Scraped caption text data
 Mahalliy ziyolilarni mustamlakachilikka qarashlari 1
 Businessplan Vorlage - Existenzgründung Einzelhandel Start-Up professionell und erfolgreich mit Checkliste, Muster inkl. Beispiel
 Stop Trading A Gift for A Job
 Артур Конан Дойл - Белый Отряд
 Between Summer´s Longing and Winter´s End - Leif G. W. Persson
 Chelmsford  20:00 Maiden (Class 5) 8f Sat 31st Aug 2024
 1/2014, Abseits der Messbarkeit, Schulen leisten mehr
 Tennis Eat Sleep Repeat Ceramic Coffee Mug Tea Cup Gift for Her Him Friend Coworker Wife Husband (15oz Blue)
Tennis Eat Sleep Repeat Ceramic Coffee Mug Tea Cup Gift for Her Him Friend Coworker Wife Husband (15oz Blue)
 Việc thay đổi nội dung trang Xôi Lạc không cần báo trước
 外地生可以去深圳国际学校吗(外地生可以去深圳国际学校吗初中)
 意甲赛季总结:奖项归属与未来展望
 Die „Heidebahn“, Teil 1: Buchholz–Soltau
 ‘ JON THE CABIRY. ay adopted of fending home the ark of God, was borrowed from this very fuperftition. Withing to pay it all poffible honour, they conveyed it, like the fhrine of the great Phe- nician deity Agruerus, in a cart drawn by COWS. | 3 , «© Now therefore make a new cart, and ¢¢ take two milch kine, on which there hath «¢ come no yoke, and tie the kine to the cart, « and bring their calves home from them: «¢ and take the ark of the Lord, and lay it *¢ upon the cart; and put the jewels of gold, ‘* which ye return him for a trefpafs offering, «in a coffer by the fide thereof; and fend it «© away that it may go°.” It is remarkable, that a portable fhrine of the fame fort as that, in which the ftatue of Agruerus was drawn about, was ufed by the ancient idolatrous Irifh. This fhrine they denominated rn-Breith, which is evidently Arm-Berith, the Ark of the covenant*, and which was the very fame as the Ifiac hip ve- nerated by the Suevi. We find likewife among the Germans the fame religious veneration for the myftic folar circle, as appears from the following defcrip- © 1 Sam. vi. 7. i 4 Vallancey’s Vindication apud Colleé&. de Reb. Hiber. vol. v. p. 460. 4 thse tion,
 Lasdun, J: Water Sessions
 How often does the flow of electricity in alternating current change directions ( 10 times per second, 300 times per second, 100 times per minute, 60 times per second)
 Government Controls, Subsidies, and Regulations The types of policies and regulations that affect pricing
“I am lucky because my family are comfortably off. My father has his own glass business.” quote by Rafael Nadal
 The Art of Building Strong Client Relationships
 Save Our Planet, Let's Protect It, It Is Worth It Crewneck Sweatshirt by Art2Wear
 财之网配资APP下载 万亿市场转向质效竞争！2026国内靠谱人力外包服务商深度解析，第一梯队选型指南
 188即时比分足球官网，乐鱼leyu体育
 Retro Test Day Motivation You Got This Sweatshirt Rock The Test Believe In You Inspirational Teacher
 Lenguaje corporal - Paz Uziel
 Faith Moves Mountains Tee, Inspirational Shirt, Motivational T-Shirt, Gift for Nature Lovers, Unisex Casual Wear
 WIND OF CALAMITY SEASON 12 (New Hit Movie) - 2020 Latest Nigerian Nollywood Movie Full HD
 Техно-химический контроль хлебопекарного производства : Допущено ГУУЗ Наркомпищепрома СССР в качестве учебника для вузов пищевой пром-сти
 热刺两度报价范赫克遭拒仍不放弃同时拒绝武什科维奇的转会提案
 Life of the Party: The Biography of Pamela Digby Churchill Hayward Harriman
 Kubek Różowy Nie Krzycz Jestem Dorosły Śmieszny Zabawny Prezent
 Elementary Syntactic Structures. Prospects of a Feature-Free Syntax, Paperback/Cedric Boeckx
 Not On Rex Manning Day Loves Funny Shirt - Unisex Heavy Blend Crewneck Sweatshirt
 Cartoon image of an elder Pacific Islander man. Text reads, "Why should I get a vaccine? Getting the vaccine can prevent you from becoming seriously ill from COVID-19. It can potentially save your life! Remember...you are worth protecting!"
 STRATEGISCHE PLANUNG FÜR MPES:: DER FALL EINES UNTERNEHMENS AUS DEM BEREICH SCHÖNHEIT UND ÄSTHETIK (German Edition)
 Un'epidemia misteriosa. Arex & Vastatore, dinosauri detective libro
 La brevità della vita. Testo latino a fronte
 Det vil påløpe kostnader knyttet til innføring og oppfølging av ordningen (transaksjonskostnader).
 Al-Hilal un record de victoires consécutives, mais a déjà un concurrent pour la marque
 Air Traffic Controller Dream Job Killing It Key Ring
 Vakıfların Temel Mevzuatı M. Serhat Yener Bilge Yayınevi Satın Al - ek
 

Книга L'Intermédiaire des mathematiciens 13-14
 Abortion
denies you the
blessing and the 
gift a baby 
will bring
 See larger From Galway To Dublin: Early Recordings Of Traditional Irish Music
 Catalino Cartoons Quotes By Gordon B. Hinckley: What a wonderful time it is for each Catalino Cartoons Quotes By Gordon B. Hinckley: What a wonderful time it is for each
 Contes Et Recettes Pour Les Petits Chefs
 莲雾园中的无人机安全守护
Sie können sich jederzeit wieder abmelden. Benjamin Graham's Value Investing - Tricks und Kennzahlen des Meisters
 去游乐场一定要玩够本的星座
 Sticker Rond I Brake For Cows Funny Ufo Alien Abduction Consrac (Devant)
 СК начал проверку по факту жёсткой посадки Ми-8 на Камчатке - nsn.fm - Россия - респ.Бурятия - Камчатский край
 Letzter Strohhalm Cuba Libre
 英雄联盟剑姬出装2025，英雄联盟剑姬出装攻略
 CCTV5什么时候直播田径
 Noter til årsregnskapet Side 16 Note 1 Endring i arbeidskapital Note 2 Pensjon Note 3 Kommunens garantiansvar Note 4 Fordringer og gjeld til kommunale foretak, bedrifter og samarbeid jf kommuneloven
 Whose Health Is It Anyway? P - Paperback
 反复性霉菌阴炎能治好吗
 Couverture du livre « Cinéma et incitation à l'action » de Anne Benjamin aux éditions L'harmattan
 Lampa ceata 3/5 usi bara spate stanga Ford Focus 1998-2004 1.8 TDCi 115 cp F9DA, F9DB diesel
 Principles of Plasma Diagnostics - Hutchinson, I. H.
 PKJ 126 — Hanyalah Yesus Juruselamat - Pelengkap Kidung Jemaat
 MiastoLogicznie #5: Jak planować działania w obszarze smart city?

**TASK TO CARRY OUT**
The answer is the run of lines above from the line containing "Un'epidemia misteriosa. Arex" through the line containing "Lampa ceata 3/5", copied exactly and alone.

**EXERCISE ANSWER**
 Un'epidemia misteriosa. Arex & Vastatore, dinosauri detective libro
 La brevità della vita. Testo latino a fronte
 Det vil påløpe kostnader knyttet til innføring og oppfølging av ordningen (transaksjonskostnader).
 Al-Hilal un record de victoires consécutives, mais a déjà un concurrent pour la marque
 Air Traffic Controller Dream Job Killing It Key Ring
 Vakıfların Temel Mevzuatı M. Serhat Yener Bilge Yayınevi Satın Al - ek
 

Книга L'Intermédiaire des mathematiciens 13-14
 Abortion
denies you the
blessing and the 
gift a baby 
will bring
 See larger From Galway To Dublin: Early Recordings Of Traditional Irish Music
 Catalino Cartoons Quotes By Gordon B. Hinckley: What a wonderful time it is for each Catalino Cartoons Quotes By Gordon B. Hinckley: What a wonderful time it is for each
 Contes Et Recettes Pour Les Petits Chefs
 莲雾园中的无人机安全守护
Sie können sich jederzeit wieder abmelden. Benjamin Graham's Value Investing - Tricks und Kennzahlen des Meisters
 去游乐场一定要玩够本的星座
 Sticker Rond I Brake For Cows Funny Ufo Alien Abduction Consrac (Devant)
 СК начал проверку по факту жёсткой посадки Ми-8 на Камчатке - nsn.fm - Россия - респ.Бурятия - Камчатский край
 Letzter Strohhalm Cuba Libre
 英雄联盟剑姬出装2025，英雄联盟剑姬出装攻略
 CCTV5什么时候直播田径
 Noter til årsregnskapet Side 16 Note 1 Endring i arbeidskapital Note 2 Pensjon Note 3 Kommunens garantiansvar Note 4 Fordringer og gjeld til kommunale foretak, bedrifter og samarbeid jf kommuneloven
 Whose Health Is It Anyway? P - Paperback
 反复性霉菌阴炎能治好吗
 Couverture du livre « Cinéma et incitation à l'action » de Anne Benjamin aux éditions L'harmattan
 Lampa ceata 3/5 usi bara spate stanga Ford Focus 1998-2004 1.8 TDCi 115 cp F9DA, F9DB diesel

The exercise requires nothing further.